Nach den zwölf regulären Wettkampfpartien stand es nämlich 6:6. Beide Spieler hatten je eine Partie gewonnen, zehn Partien endeten remis. Dass es zu dieser Verlängerung kam, war vor allem Carlsens eigene Schuld. Er war als klarer Favorit in diesen WM-Kampf gegangen. Der Weltranglistenerste spielte gegen den Weltranglistensechsten, mit einem Unterschied von 75 Elopunkten. Das ist eine Menge und bedeutet statistisch eine Chancenverteilung von 60:40 zugunsten von Carlsen.

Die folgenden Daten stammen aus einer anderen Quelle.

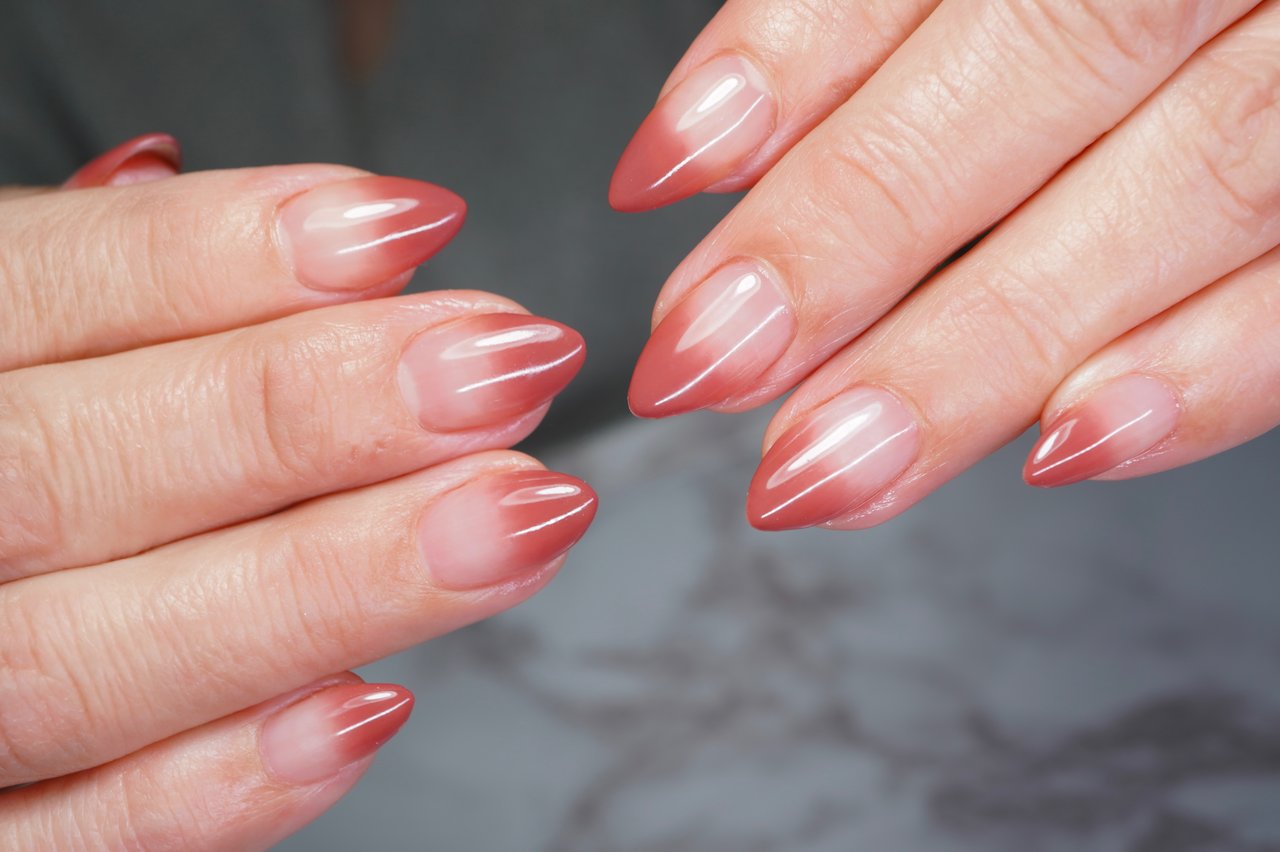 冬 オールシーズン ハンド グラデーション ミディアム Kiara のネイルデザイン No ネイルブック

Sowohl in der ersten Partie (zum Nachspielen) wie auch in der zweiten Partie (zum Nachspielen) tasteten sich die Kontrahenten noch ab. Dafür ging es in der dritten Partie zur Sache. Das Match (zum Nachspielen) wäre aus Carlsens Sicht wohl völlig "normal" gelaufen, wenn er seine Gewinnstellung in dieser Partie auch in einen Sieg umgesetzt hätte. Aber nach einer Ungenauigkeit entging Karjakin doch noch der Niederlage. Auch in der vierten Partie erarbeitete Carlsen sich einen entscheidenden Vorteil. Mit einem unbedachten Zug erlaubte der Norweger seinem Gegner jedoch, eine Festung aufzubauen. Eindringen unmöglich. Daran hatte Carlsen in der Partie (zum Nachspielen) nicht gedacht, gab er freimütig in der Pressekonferenz zu. Statt 3:1 stand es also 2:2.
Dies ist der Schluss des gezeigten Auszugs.